● **PROBLEM DESCRIPTION**
Given the records below, would you repeat exactly the lines that begin at the one containing "UUSSAN 定染Le*aire色系高及深灰直筒宽松牛仔裤" and end at the one containing "一年级下册语文期末归类复习资料偏旁汇总一│苏教版.doc_第1页", inclusive?

● **SOURCE MATERIAL**
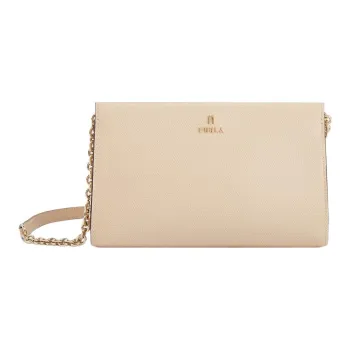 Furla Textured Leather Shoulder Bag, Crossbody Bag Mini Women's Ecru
...
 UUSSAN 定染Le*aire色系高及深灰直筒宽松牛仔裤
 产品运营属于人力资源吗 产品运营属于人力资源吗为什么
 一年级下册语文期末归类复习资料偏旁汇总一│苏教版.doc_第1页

● **EXERCISE ANSWER**
 UUSSAN 定染Le*aire色系高及深灰直筒宽松牛仔裤
 产品运营属于人力资源吗 产品运营属于人力资源吗为什么
 一年级下册语文期末归类复习资料偏旁汇总一│苏教版.doc_第1页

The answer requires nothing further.